I fairly often ride horses who's back is not far below the top of my head...my trainer's horse, when tacked up, has a saddle seat level with the top of my helmet (which is about an inch thick!).
Even a small horse can be a long way up, leading to the (mythical) idea of knights in armor having to be winched into the saddle.
So, how do you get up there?
The correct way of mounting in English tack is to stand on the horse's left (we do everything from a horse's left because of where a sword hangs when you're wearing one) facing towards its rear. You then put your left foot in the stirrup and your left hand on their withers (not the saddle), and hop forcefully around to bounce into the saddle.
Western riders stand facing the horse or slightly towards the tail, put their left foot in the stirrup, their left hand on the withers and the right on the saddle horn, hop a couple of times and half hop, half pull into the saddle.
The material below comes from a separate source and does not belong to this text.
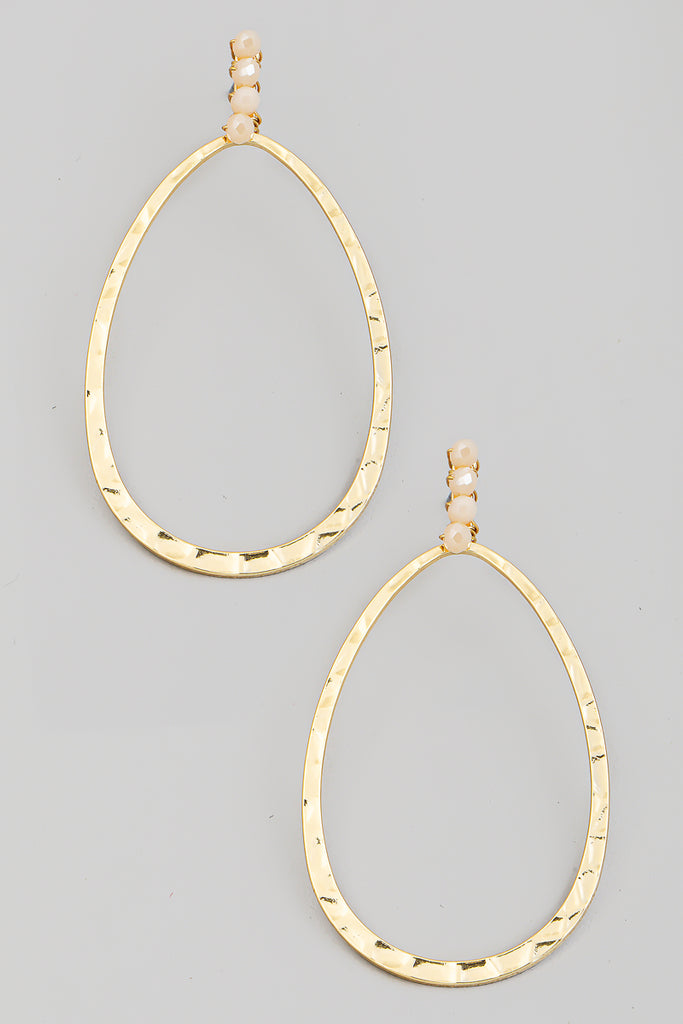 Teardrop Earrings in Gold with Stone Accents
However, many people use some kind of mounting assist. A mounting block is the most common when departing from home - this is a wooden or, these days, heavy plastic stepped platform that allows you to just step into the stirrup (Unless you're riding a huge horse, in which case you might still have to pull yourself up). On the trail, a good horseman will always look for a mounting assist...standing on a rock or log, or putting the horse in a ditch or downhill. Mounting straight from the ground can make your horse's back sore and, especially in English, shorten the working life of your saddle.